Geschrieben am 13. Juli 2012

EDV Sachverständigen Konferenz

Die EU-Kommission strebt bei Dienstleistungen in der sogenannten digitalen Wolke europäische Standards für die IT-Sicherheit und den Datenschutz an. Ein Sprecher von Neelie Kroes antwortete auf eine Anfrage in Brüssel, dass noch „diesen Sommer“ Strategiepapiere erarbeitet werden sollen. Die Planung der EU-Kommission, den Verbrauchern, Behörden und Firmen das Nutzen der Dienstleistung Cloud Computing zu erleichtern, existiert schon länger.
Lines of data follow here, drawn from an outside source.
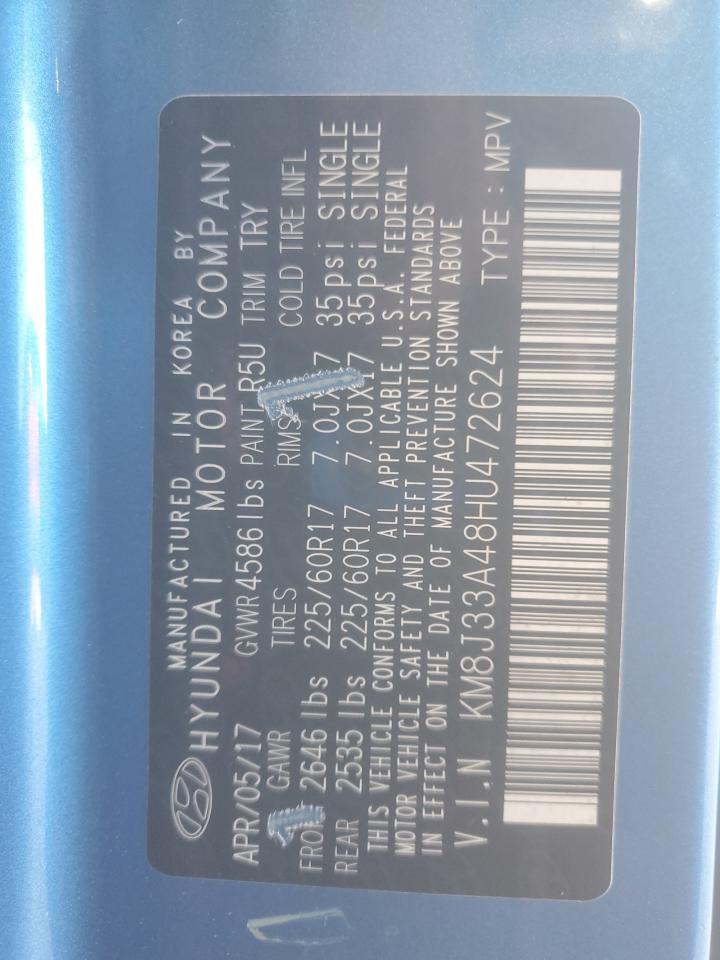 2017 Hyundai Tucson Limited VIN: KM8J33A48HU472624 Lot: 83935925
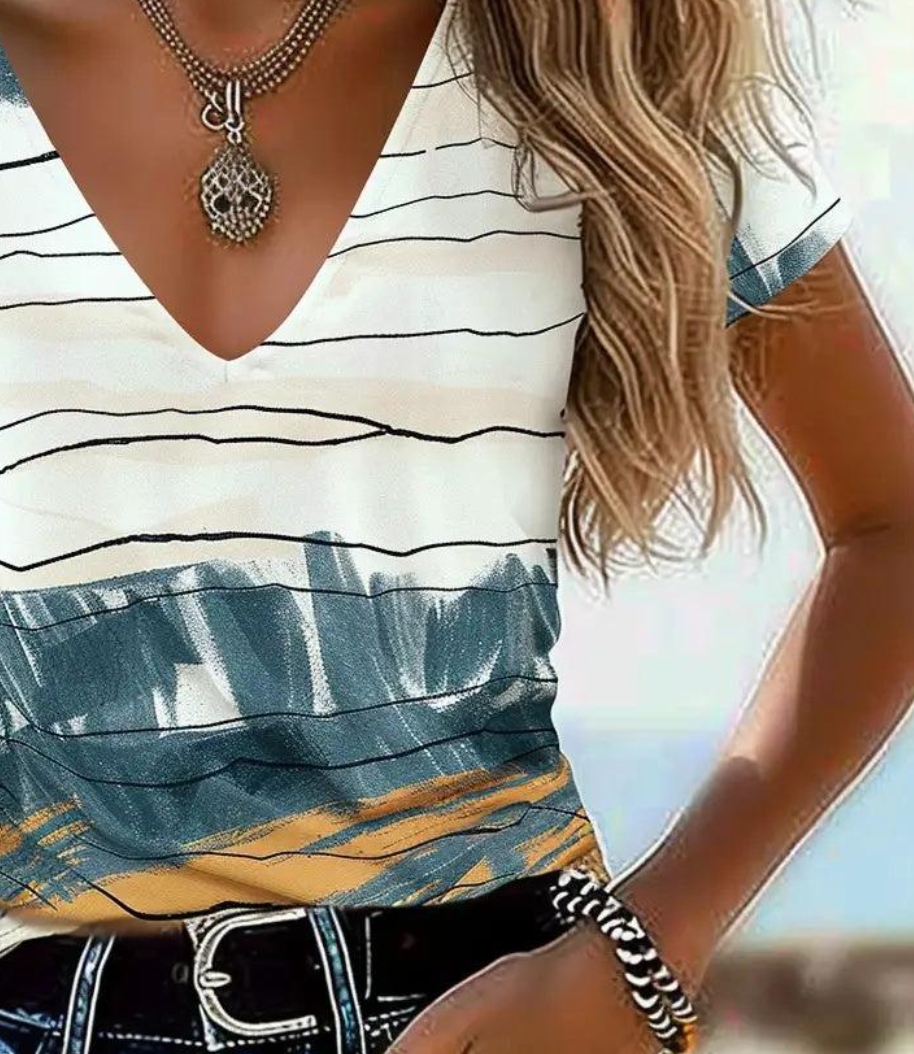 Winter V-Neck Print Top creme petrol senfgelb – Layering-Musthave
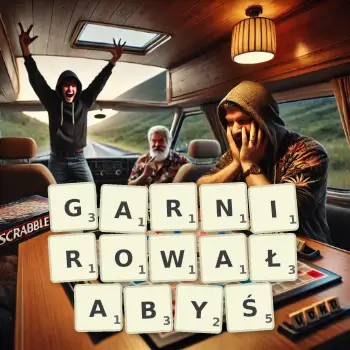 Kreatywna ilustracja do gry w Scrabble ze słowem GARNIROWAŁABYŚ ułożonym z płytek na planszy.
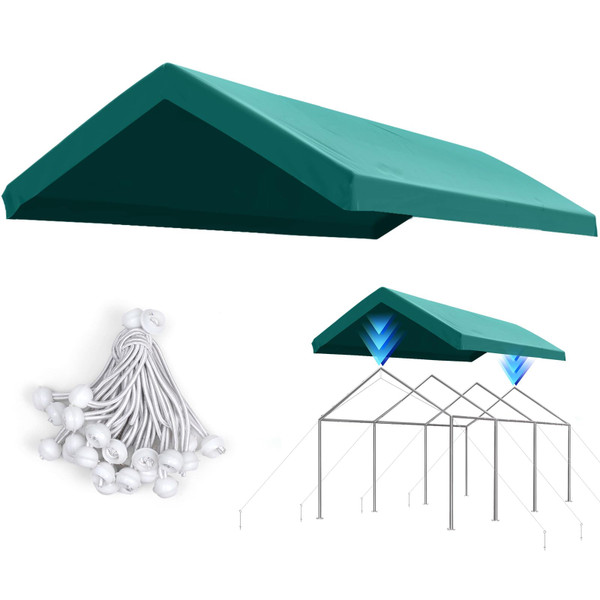 ADVANCE OUTDOOR 10x20 ft Carport Replacement Top Cover, Heavy Duty Waterproof & UV Protected, Easy Installation with Ball Bungees, Green, Roof Only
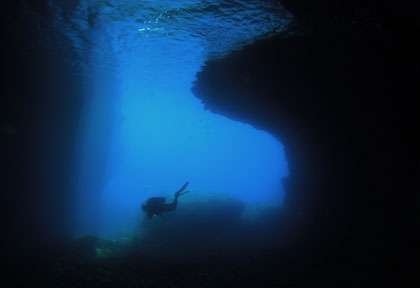 Grotte en plongée à Ustica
Der Mangel an Rechtssicherheit stellt in Kroes Augen durchaus ein Problem dar. Es geht unter anderem um die Haftungsfrage, wenn die, in die Wolke ausgelagerten, Daten verloren gehen oder illegal kopiert werden. In seiner Rede Ende Juni dieses Jahres sagte Kroes „Derzeit ist die Situation verwirrend.“ Ihr Sprecher gab auch noch zu verstehen, dass auch die Bedingungen zum Speichern von Daten, die ein Copyright-Vergehen darstellen, nicht eindeutig geregelt seien. (mehr …)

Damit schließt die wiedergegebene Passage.